> Instructions to follow: The line with "Hi! Welcome to" marks the first line to copy, and the line with "This error may" marks the last. Transcribe that stretch of the data below exactly, without pictures.

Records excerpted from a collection
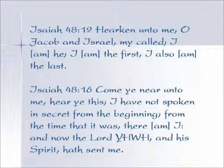Again in Isaiah 48:12: 'Hearken unto me, O Jacob and Israel, my called. I am He, I am the first, and I am also the last.' And again in verse 16: 'Come ye near unto me, hear ye this. I have not spoken in secret from the beginning, from the time that it was, there am I. And now the Lord Yahweh and His Spirit hath sent me.' The beginning and the end.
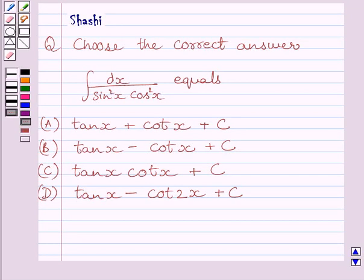Hello and welcome to the session. Let us discuss the following question. Choose the correct answer.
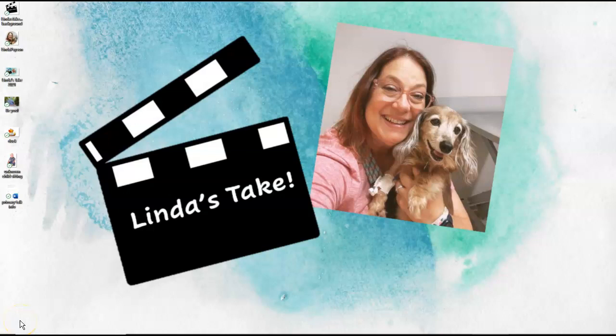Hi! Welcome to Linda's Take. Today I am going to be working on SAM Excel Chapter 1 Project 2 The Retail Pro.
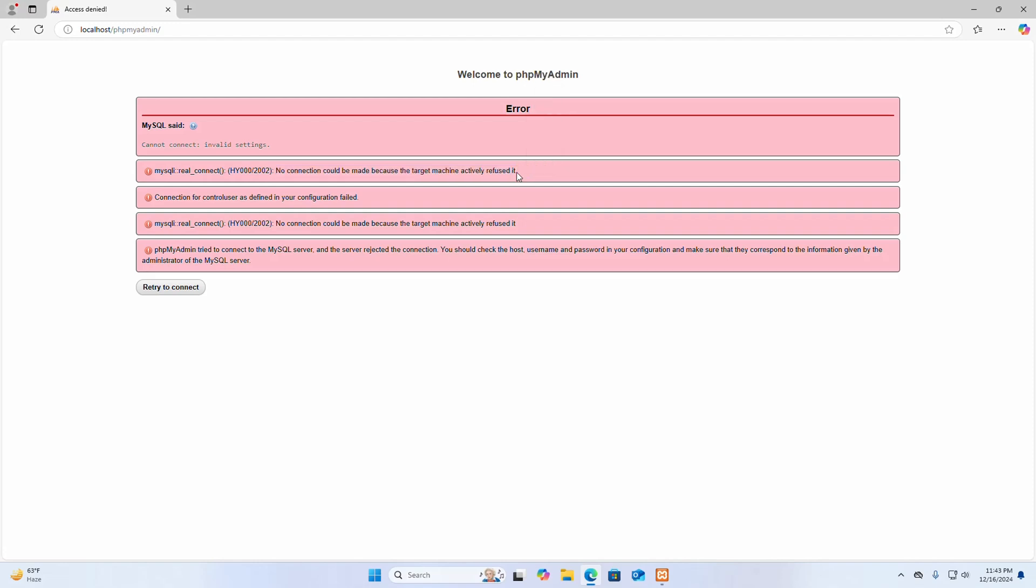This error may occur when the port number mismatch. We can solve this issue in two ways. At first I am going to solve this by fixing the port number.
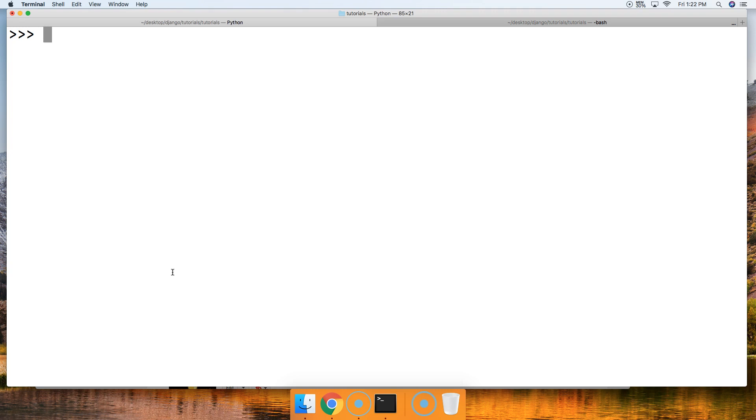In today's tutorial, we're going to take a look at the remainder operator in Python, and that's indicated by the percent symbol. So let's go ahead and take a look at what this does.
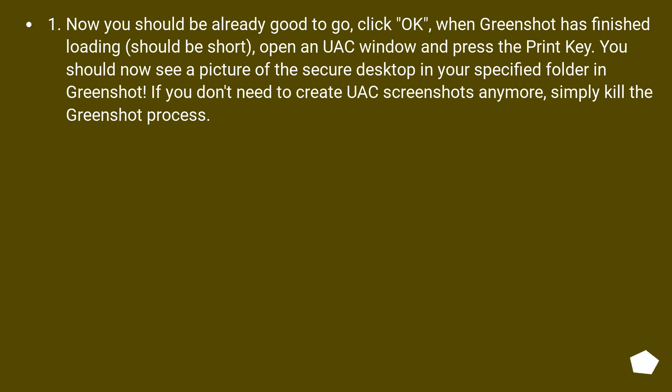Now you should be already good to go. Click OK. When GreenShot has finished loading, should be short, open a UAC window and press the print key. You should now see a picture of the secure desktop in your specified folder in GreenShot. If you don't need to create UAC screenshots anymore, simply kill the GreenShot process.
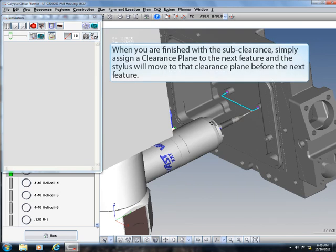When you are finished with the sub-clearance, simply assign the clearance plane to the next feature and the stylus will move to that clearance plane before the next feature.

> Solution to the problem:
Hi! Welcome to Linda's Take. Today I am going to be working on SAM Excel Chapter 1 Project 2 The Retail Pro.
This error may occur when the port number mismatch. We can solve this issue in two ways. At first I am going to solve this by fixing the port number.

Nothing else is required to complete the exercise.